Yes, I still have quite a bit of HIMSS content that I haven’t had a chance to post. Luckily most of the information is really timeless and so it doesn’t matter when it’s posted. One of those was some of the information I got at the public policy forum at HIMSS. Here’s some quick hits from it:
Dr. Rhonda Medows from Georgia said, “Could extend benefits to Long Term care based on capital improvement benefits.” I wonder if she’ll still do this if it’s true that there will be some money for long term care in the current healthcare reform. At least Georgia was looking at some creative ways to get some money for healthcare IT in under served areas.
State representative Rosenthall from NH-Representative said that 40-50 percent of doctors in NH have some access to EMR. She also said that 900 out of 4500 have ePrescribing (20 percent).

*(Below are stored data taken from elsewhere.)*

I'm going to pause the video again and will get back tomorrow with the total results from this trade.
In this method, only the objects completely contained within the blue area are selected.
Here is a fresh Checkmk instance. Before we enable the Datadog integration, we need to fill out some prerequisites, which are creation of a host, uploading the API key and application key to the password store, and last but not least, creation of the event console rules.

Probably the most interesting thing Representative Rosenthall said was in response to my question about how NH (a small state) would fund a state HIE. She quickly and frankly responded that their state must do a private partnership since the state won’t have the money in their small tax base to be able to fund the HIE. I’m guessing that many states will be in this same position.

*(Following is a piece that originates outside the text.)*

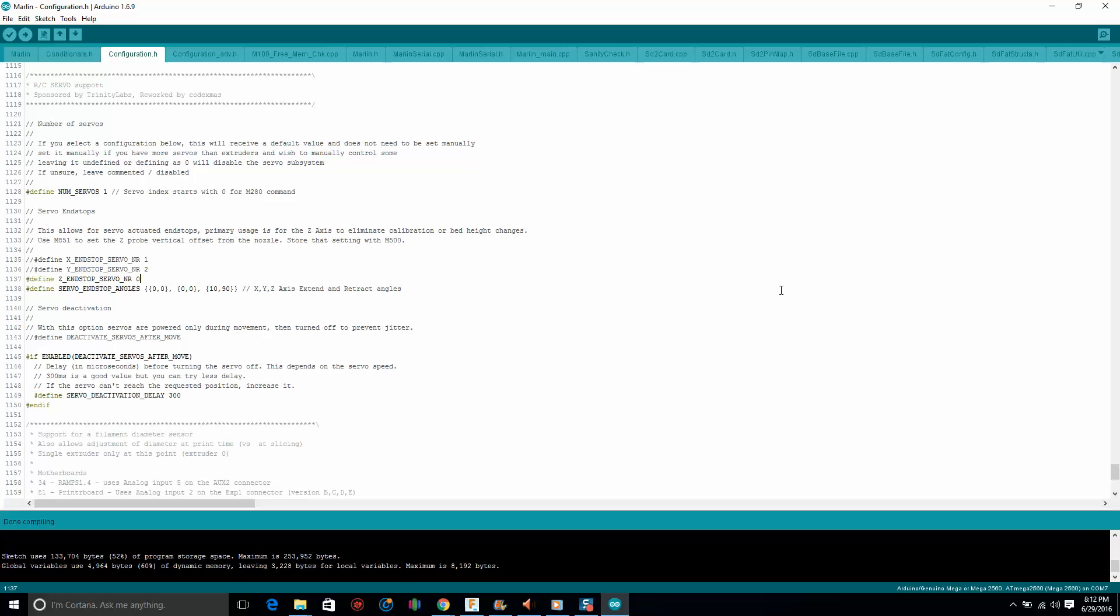And then we just have to set it up. So hopefully you have Simplify 3D. That's what I'm going to be using. You can go ahead and buy it or download it in whatever way you want, or use the appropriate application that you download because there's free ones out there.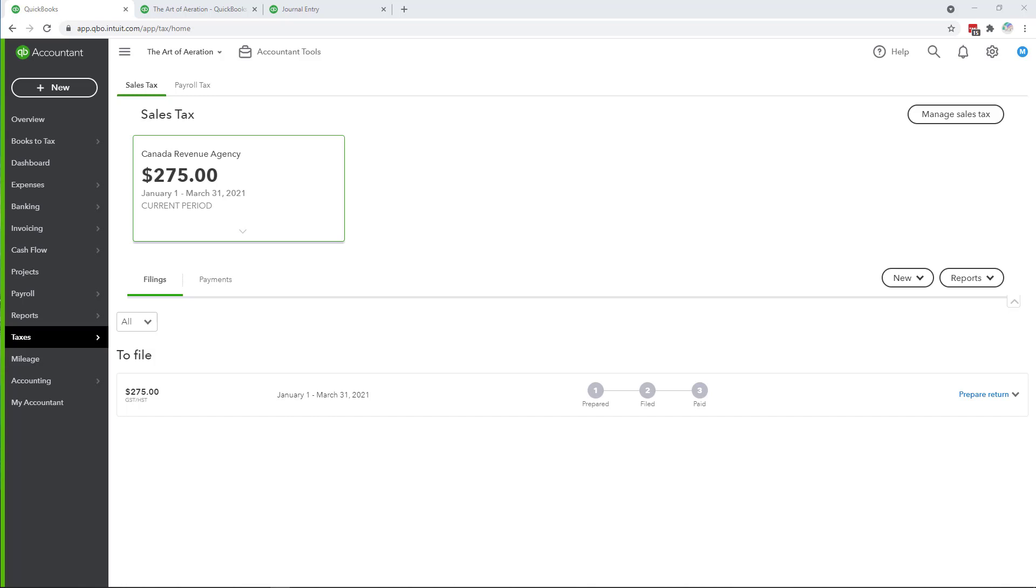Hello everyone, Marnie here from Accounting Loft with a GST HST in QuickBooks Online video.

Finally, I think it was one of the HIMSS public policy people (sorry I don’t remember which one) made an interesting comment about the government’s approach to funding the state HIE efforts. They described that the “seed funding” for HIE that’s been given to states is almost like a hope that they’ll figure out some sustainable creative revenue model and not just disappear the way RHIO have.
I remember the hype that surrounded even the term RHIO about 4 years ago and no one speaks of them anymore. It’s a really serious question to ask if HIE’s are going to find that “creative revenue model” that has alluded health information exchange in the past. I’d love to hear from people about what the most promising HIE revenue models are right now.